[40] Rather than granting property rights to the inventor as is the practice in the United States and many other countries, some countries grant property rights to the applicant, which may be a corporation or other organization.

[41] U.S. patent law states that any person who "invents or discovers any new and useful process, machine, manufacture, or composition of matter, or any new and useful improvement thereof, may obtain a patent." The law defines "nonobvious" as "sufficiently different from what has been used or described before [so] that it may be said to be nonobvious to a person having ordinary skill in the area of technology related to the invention." These terms are part of the criteria in U.S. patent law. For more information, see USPTO, "What is a patent?" at
index.html#patent, accessed 28 June 2007.

[42] Although the USPTO grants several types of patents, this discussion is limited to utility patents, commonly known as patents for inventions. They include any new, useful, or improved-on method, process, machine, device, manufactured item, or chemical compound.

[43] The Japan Patent Office (JPO) is also a major patent office but has much smaller share of foreign patents compared with the USPTO and EPO.

[44] USPTO reports that average time to process an application (pendancy) was 31.1 months for utility, plant, and reissue patent applications in FY 2006, compared with 18.3 months in FY 2003. Applications for utility patents account for the overwhelming majority of these requests. The EPO reports that the average pendancy was 45.3 months in 2005.

[45] Unless otherwise noted, USPTO patents are assigned to countries on the basis of the residence of the first-named inventor.

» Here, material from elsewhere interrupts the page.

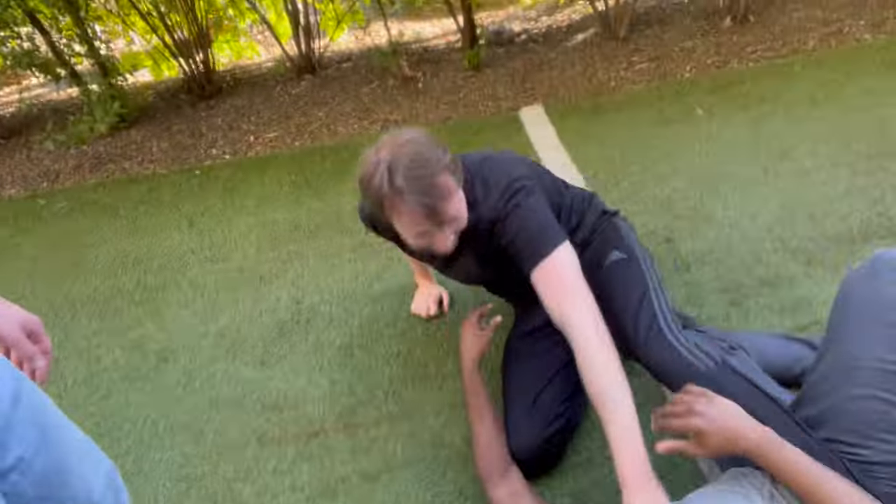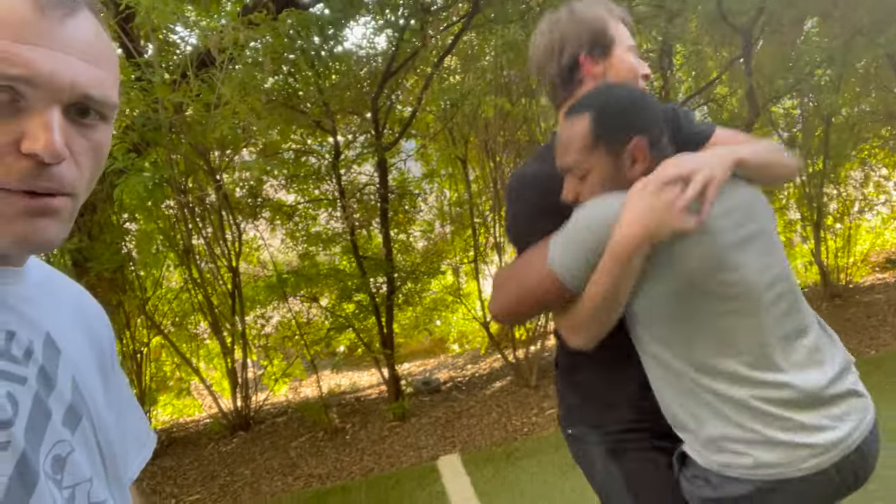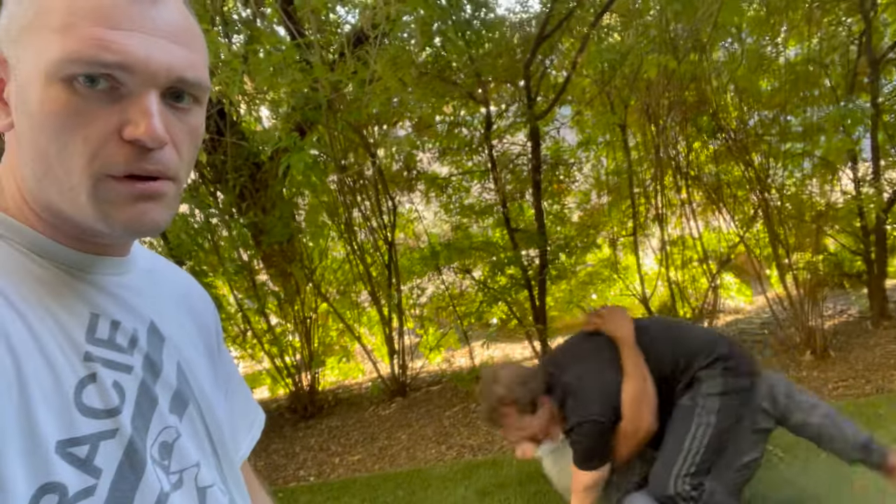These guys down here are really going at it. That's what we like to do — crash in on the inside. Go ahead, get a rep in guys, we're gonna crash in. Boom, and then we go and tie them up and try to move them around, just like that.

[46] U.S. patenting data on type of ownership and by state is available only for U.S. patents granted.

[47] Some of the decline in U.S. patenting by inventors from the EU and other leading industrialized nations may be because of movement toward European unification, which has encouraged wider patenting within Europe.

[48] EPO patents are assigned to countries on a fractional-count basis. For patents with inventors from different countries, each country receives credit on basis of proportion of its participating inventors.

[49] The data source for EPO and USPTO patents is the OECD. USPTO data drawn from the OECD database are not directly comparable with data reported by the USPTO because of methodological differences and consequent OECD adjustments.

[50] A seminal court decision opening the floodgate for biotechnology-related patents is the 1980 Supreme Court decision Diamond v. Chakrabarty, which ruled that genetically engineered living organisms can be patented.

[51] The EU issued a directive that harmonized the laws of member states on biotechnology patenting, which may explain the lag and subsequent growth of EU biotechnology patents compared with the United States.

[52] The database is housed at the OECD and produced as a collaborative project among the OECD, the National Science Foundation, the EU, the World Intellectual Property Organization, the USPTO, the JPO, and the EPO. Until March 2001, only patents granted in the United States were published in the database. Technically, the dataset counts those inventions for which patent protection is sought in Europe and Japan and obtained in the United States.

[53] Triadic patent families with coinventors residing in different countries are assigned to their respective countries on a fractional count basis. Patents are listed by priority year, which is the year of the first patent filing. Data for 1998–2003 are estimated by the OECD.